Once you scale this up to our modern AI/ML models you’re doing trillions of these “matrix multiplication” (abbreviated as matmul) operations – in effect, a bundled batch of all those weighted sums.
Enter: CPUs, GPUs, TPUs.
A CPU is like one very smart and capable worker – good at anything but slow at repetitive jobs. A GPU is like thousands of generalized workers. A TPU is like an automated factory line built specifically for one task, with the machines arranged so the work has almost no back and forth.
It’s important to recognize that even within the AI/ML space, different functions require different chips. Google itself publishes the following guide for how to choose chips depending on the task at hand.
As we laid out in Interconnects 101, the layman’s understanding of the difference between a CPU and GPU is that a CPU is built with a relatively small number of cores, but with each of those cores capable of executing hundreds of specific instructions over dozens of units. Consumer CPUs generally have up to 16 cores with data center chips up to 128 but even with significantly higher clock speeds, this is no match for the parallelization that GPUs allow.
What we think of as a ‘core’ in a GPU is known as a streaming multiprocessor (SM) in Nvidia-parlence. Rather than focusing all of the core’s resources on routing instructions through specialized units, GPU SMs leverage dozens or hundreds of copies of the same units simultaneously. For example, Nvidia’s Blackwell architecture SMs each have 4 “tensor cores” and 128 “CUDA cores” for a B200 with 192 SMs, that totals 768 and 24,576 physical cores respectively.
Though not comparable on a core-to-core basis, TPUs take this philosophy to the next level and dedicate nearly the entire silicon area to crunching matmuls. They can do this because cores aren’t instructed in the traditional sense, but data is drawn through them more like an assembly line than a laboratory.
The architectural driver behind the TPU is the systolic array. Though reports differ on the size and arrangement of the array across TPU versions, the philosophical departure from GPU SMs is consistent.
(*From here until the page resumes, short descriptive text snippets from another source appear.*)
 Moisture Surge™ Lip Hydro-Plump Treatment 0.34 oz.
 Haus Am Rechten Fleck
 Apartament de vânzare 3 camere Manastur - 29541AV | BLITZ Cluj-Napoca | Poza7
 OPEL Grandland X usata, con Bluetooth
The array is made up of MAC cells, short for multiply-accumulate, which Google describes as ALUs (arithmetic logic unit) which is a classic computing building block. The difference is that MAC cells are ALUs that don’t accept instructions, just data. They don’t have to choose between FMA, ADD, SHIFT, or any other of hundreds of possible instructions that a less specialized processor might see – they just multiply and accumulate. This saves on space by eliminating unit-level instruction caches while also essentially eliminating data caches as data flows through the array in a predetermined fashion and saves on power by pushing utilizations to the max.
This is why TPUs can offer very high performance per watt and per dollar on machine learning, but are essentially useless outside that domain. You get extremely high throughput on the kind of linear algebra that defines neural nets which means lower power per operation and a smaller die area for a given level of ML performance. However, this comes at the price of much less flexibility than a GPU.
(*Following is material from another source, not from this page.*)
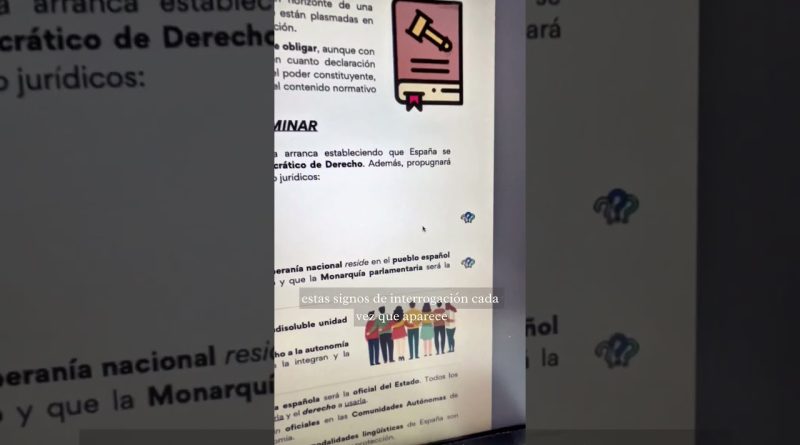 Découvrez le programme pour votre concours administratif de la Sécurité Sociale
Google has made Gemini’s per-prompt footprint a PR point, so Gemini likely has a real advantage in energy per text call – helped by TPUs and their own tuning – but there is no transparent or quantified comparison for the training runs. Inference, at least, looks to be much more energy efficient per user interaction on TPUs.
In short, the TPUs are hyper-specialized ML chips that sacrifice flexibility for efficiency. But as AI increasingly moves to the “mass-production” phase, even small efficiency gains can prove very meaningful.